I've come across a great deal on a 52cm Fuji Roubaix Pro. I haven't been on a road bike in a while so I'm relying on Competitive Cyclist's fitting. They recommend a 52.7-53.2cm top tube and am 11.2-11.8cm stem for a total reach of 64.9-65.9cm. The Fuji has a tt of 53cm and a 10cm stem for a total reach of 63cm. Should I move on and get a larger frame (Fuji's 54cm has a 65cm total reach) or would it be okay to get the 52cm and perhaps get a longer stem (a 120 stem will give me 65cm reach)??

I actually went to the LBS that had the 52cm Fuji earlier today and had them set it up as best they can with the Competitive Cyclist specs. Standover height was fine and the numbers show I should have around 3cm clearance with the smaller frame. We had to move the seat back to get to 65cm total reach and with that adjustment it felt fine as well. Most of the front hub (I'd say 80-90%) was obscured by the bars when I was on the hoods. The seat to handlebar difference looked fine as well. 

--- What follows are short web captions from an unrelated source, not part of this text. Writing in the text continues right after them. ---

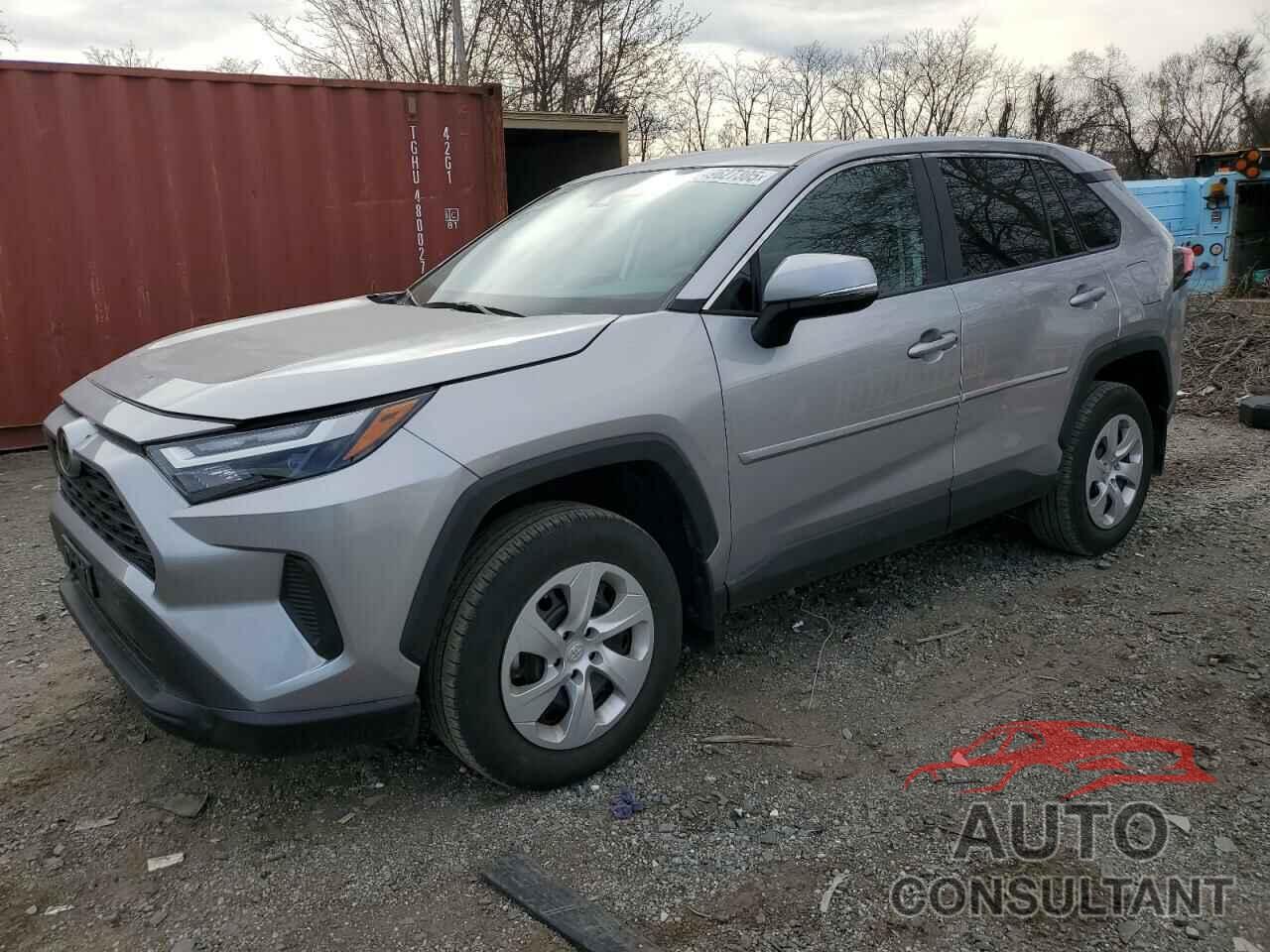 TOYOTA RAV4 2023 - 2T3G1RFV2PC331995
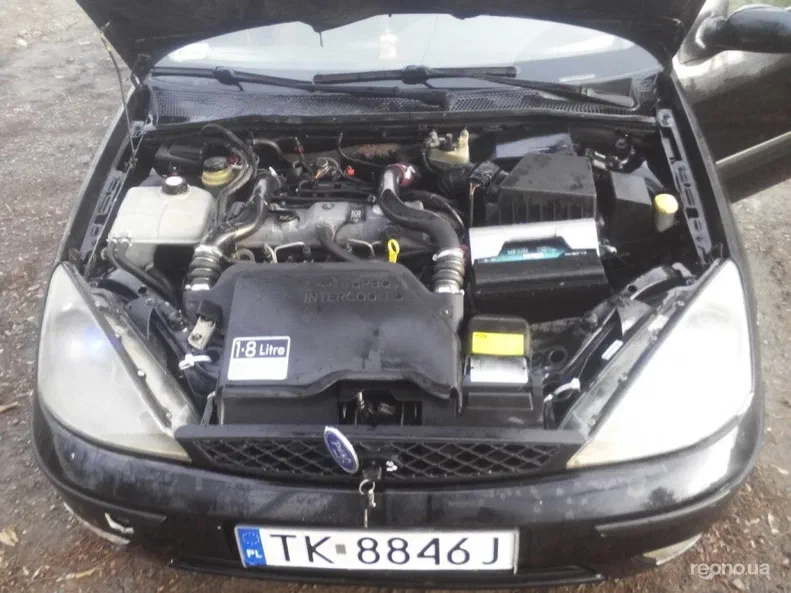 Ford Focus 2002 - 6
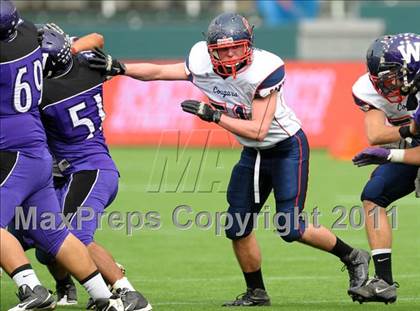 Thumbnail 3 in Campolindo vs. Washington Union (CIF State D3 Final) photogallery.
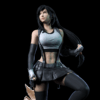 FINAL FANTASY - ティファ FF7 Rebith スタチュー Solar Studio 21 FINAL FANTASY - ティファ FF7 Rebith スタチュー Solar Studio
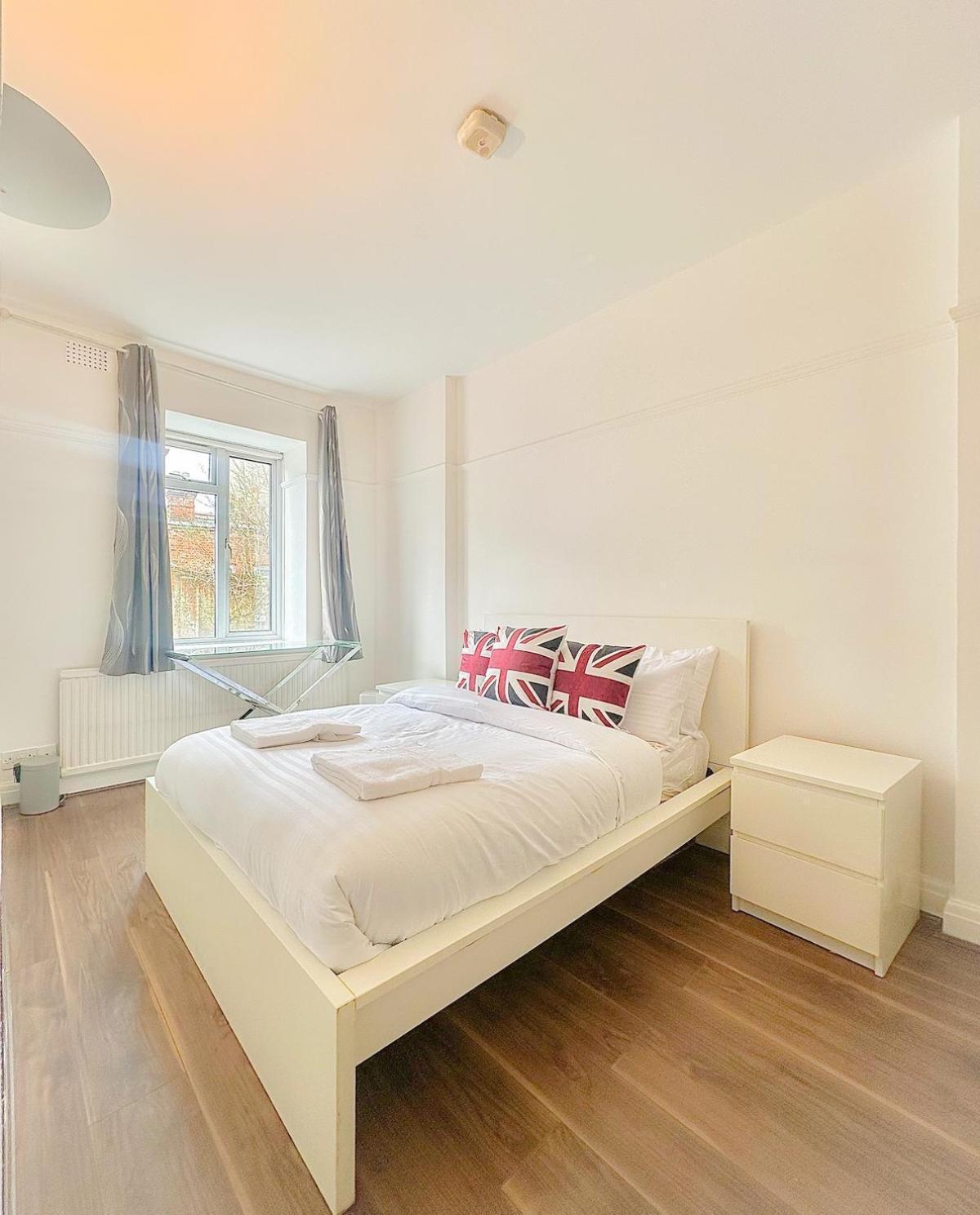 Ground floor Flat at Finchley Road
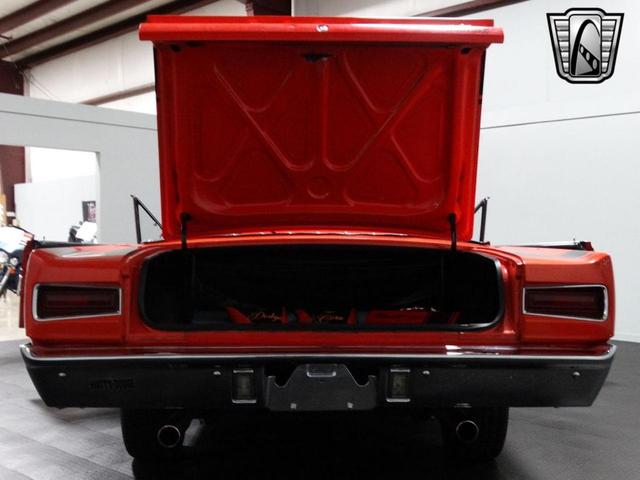 Photo of 1967 Orange Dodge Coronet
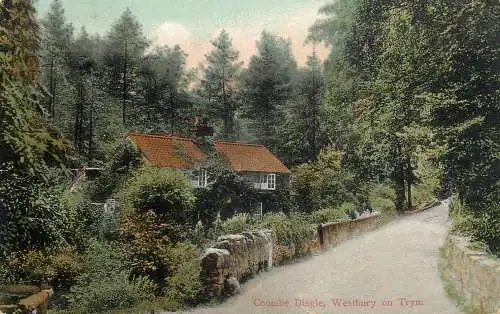 United Kingdom England Coombe dingle Westbury on Trym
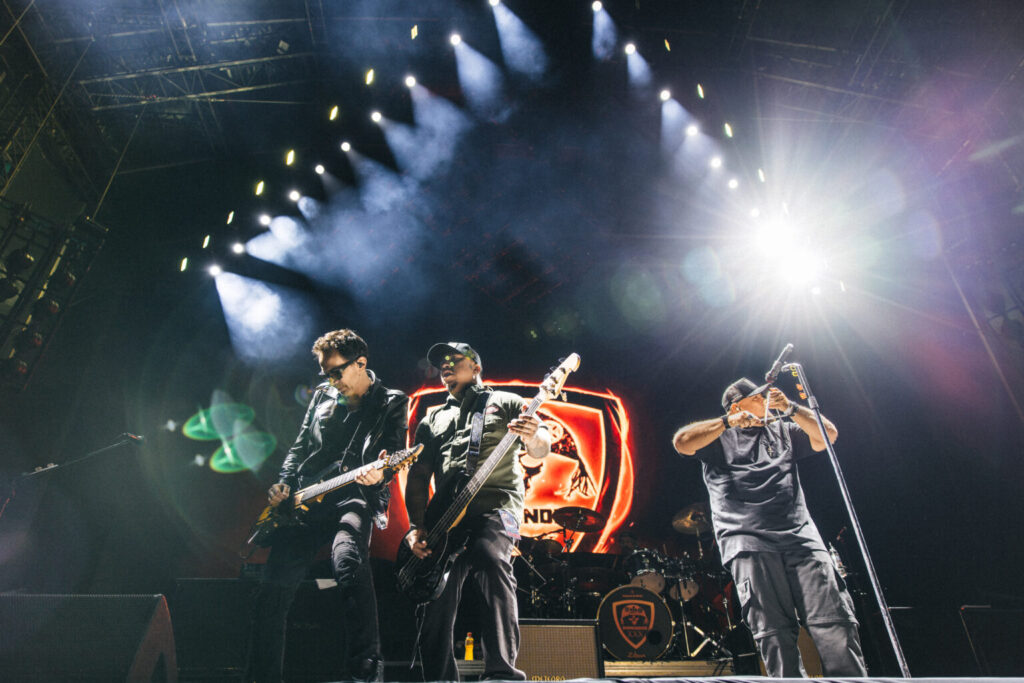 Raimundos Abre Show do Guns N’ Roses em São Luís e Promete Noite Épica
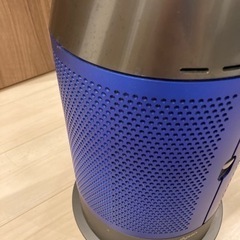 【値下げ】Dyson/空気洗浄機付/ファンヒーター/美品/人気のブルー/ ダイソン 空気洗浄ファンヒーター dyson pure hot + cool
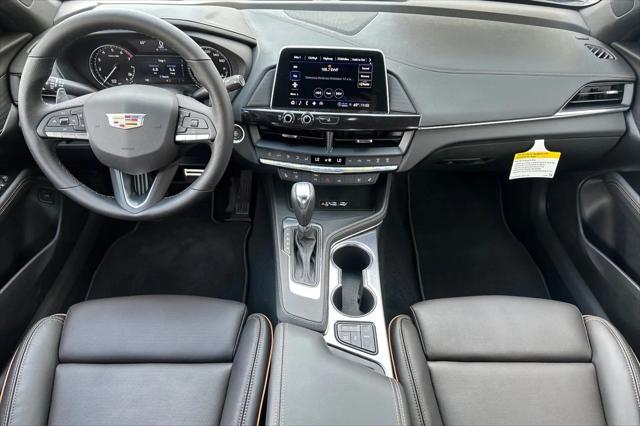 2025 Cadillac CT4 Sport RWD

Any bike other than the 52cm Fuji will either cost significantly more or will be a longer wait which is why I really, really want the Fuji to work for me.


----------



## Dave Hickey (Jan 27, 2002)

It sounds like you could go either way....One other factor to consider is bar height...The larger frame will likely have a taller headtube which will allow you to run the bars higher without a bunch of spacers.....If you like a more upright position, go with the 54cm..If you like "down and low" go with the 52cm.


----------



## JCavilia (Sep 12, 2005)

I'd say give it a try as is. There's a good chance it will work with minor adjustments (or maybe no adjustments), and if you decide you need a longer cockpit later it's a cheap and easy fix to change the stem. A stem 2 cm longer won't affect handling much. Those sizing formulas are just a starting point anyway. Everybody's riding style, flexibility, etc. is different.

I'd caution against moving the seat back to get your target reach. I think it's better to position the saddle for the right relationship with the cranks ("knee over pedal spindle" is the traditional starting point), and then, if necessary, adjust reach by stem, bar angle, lever placement, even different bar. The mechanical relationship of leg to cranks is the most crucial part of fitting, IMO.

You said you tinkered with the fit and looked at it. Did you ride it? I'd say take a decent test ride. You might be fine.


----------